Objective: Analyze the accessibility of PCI clinics in the Ontario Health West region using QGIS. Perform network analysis, and create a choropleth map showing changes in drive time. Recommend a new PCI facility location.
Context:
PCI (Percutaneous Coronary Intervention) Clinics: PCI clinics are specialized medical facilities equipped to perform. percutaneous coronary interventions, commonly known as angioplasty. This procedure is used to open clogged heart arteries, typically involving the insertion of a balloon-tipped catheter to enlarge the artery, and often the placement of a stent to keep it open. PCI is essential in treating coronary artery disease, preventing heart attacks, and improving overall heart function.CorHealth Ontario is an organization of experts that directs cardiac and stroke services in Ontario. This organization recommends that all residents of Ontario have access to a PCI clinic within a 60-minute drive. This is because from the time that symptoms are apparent, a patient has a window of 60-minutes to receive care before significant damage is done to their body. The goal of this tutorial is to understand which communities in the Ontario Health West region are outside of this guideline drive time and identify the hospital that does not have a PCI clinic that should be recommended for this investment.

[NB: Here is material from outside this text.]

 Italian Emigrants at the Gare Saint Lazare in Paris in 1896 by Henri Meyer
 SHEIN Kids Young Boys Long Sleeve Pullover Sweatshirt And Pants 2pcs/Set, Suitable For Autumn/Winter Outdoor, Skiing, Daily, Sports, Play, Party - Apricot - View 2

Datasets (download directly from the Quercus modules section as a .zip folder):
1. Ontario Ministry of Health List of Facilities (provider locations):
https://geohub.lio.gov.on.ca/datasets/d67220ebba164afa9cf38c0f525f2c0a/explore
(original file and reference file)
2. Population Count by Census Subdivision (CSD):
https://www12.statcan.gc.ca/census-recensement/2021/dp-pd/prof/details/download- telecharger.cfm?Lang=E
3. CSD Boundary File:https://www12.statcan.gc.ca/census-recensement/2021/geo/sip-pis/boundary-limites/index2021-eng.cfm?year=21
4. Ontario Health Regions Boundaries:https://data.ontario.ca/dataset/ontario-s- health-region-geographic-data
Step 1: Importing and Preparing Data
Download the zipped folder of data for Lab 3 from Quercus under Module 6 and 7.

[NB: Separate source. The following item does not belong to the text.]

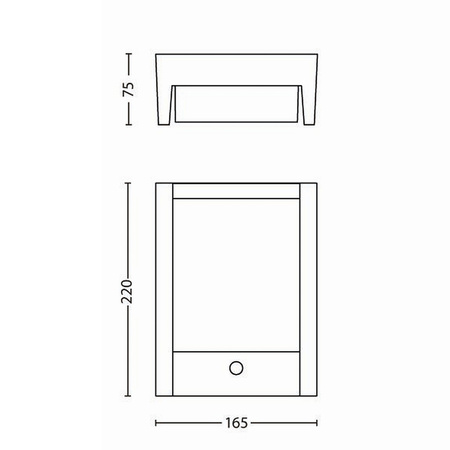 Kinkiet Ogrodowy Lampa Elewacyjna Zewnętrzna LED 6W 600lm 2700K IP44 z Czujnikiem Ruchu i Zmierzchu Antracyt Arbour Philips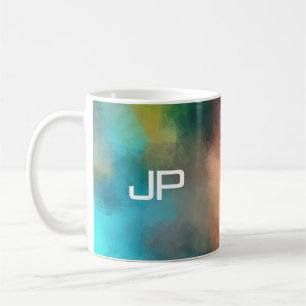 Monogrammed Rainbow Colours Colourful Abstract Coffee Mug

Check the data and ensure that any shapefiles that are in a .zip folder are extracted so they are accessible.
Preparing and Cleaning the Datasets:
1. Load the files into QGIS
a. You can click, drag, and drop files into QGIS from the file explorer
directly. To drag and drop shapefiles, select the .shp file. For adding files through the GUI, follow steps b onwards.

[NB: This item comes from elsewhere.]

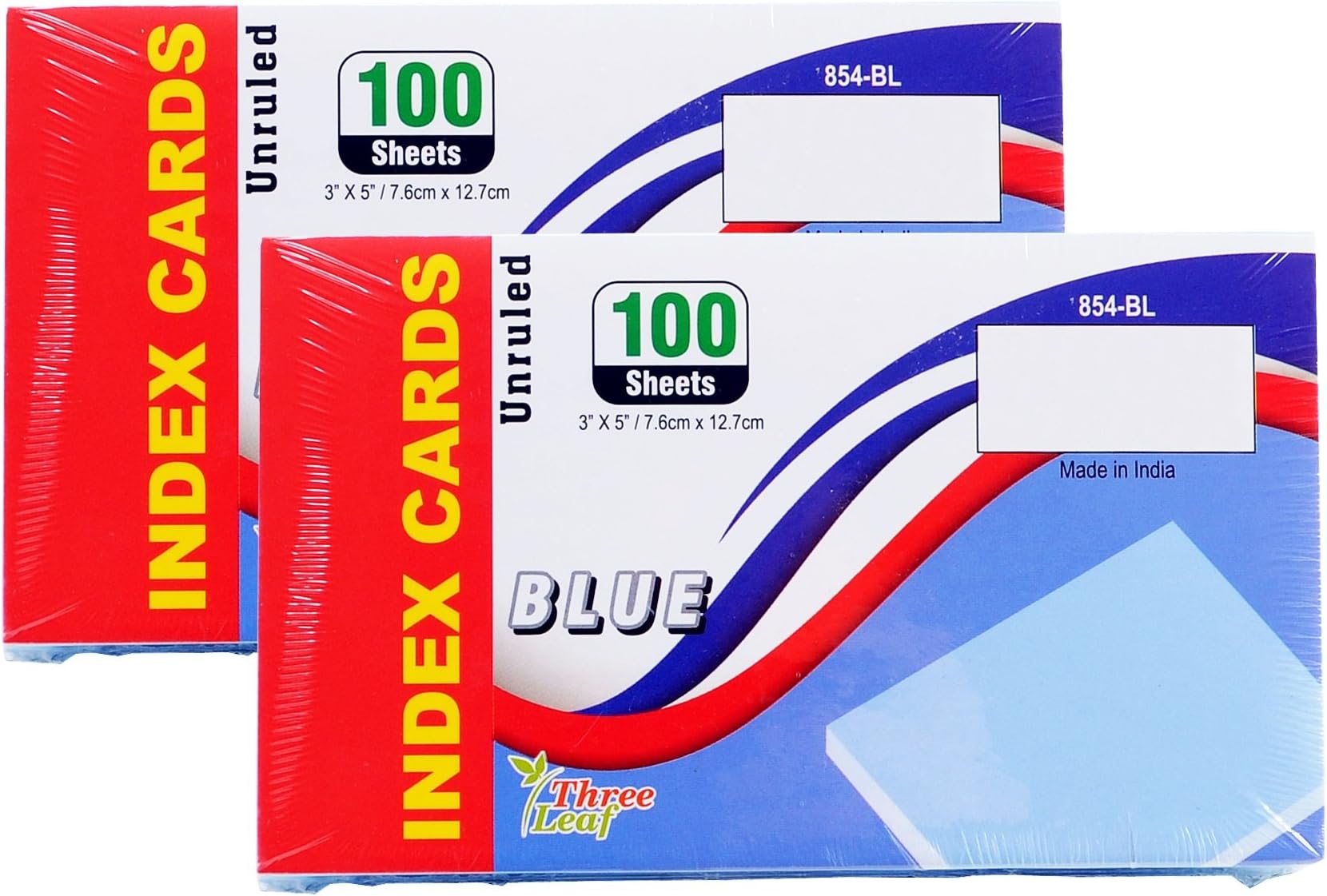 three leaf2-Pack Colored Index Cards, 3x5-Inch, Unruled, Blue, 100-Count per Package from Northland Wholesale. (2 Packs of 100)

b. You can load data by clicking on the Layer menu drop down and follow the selection path Layer > Add Layer > Add Vector Layer (or “Add
Delimited Text Layer” for the .csv files)
c. In the Data Source Manager dialog that appears, ensure that the
“Vector” tab is selected (or “ Delimed Text” for the .csv files). For Source Type, choose “ File”
d. Click the “ …” button next to the file name/datasets field.
e. In the file browser dialog, navigate to the location of the file and select to add it
f. For the .csv files: ensure the correct delimiter (commas) is selected under the “ File Format” section.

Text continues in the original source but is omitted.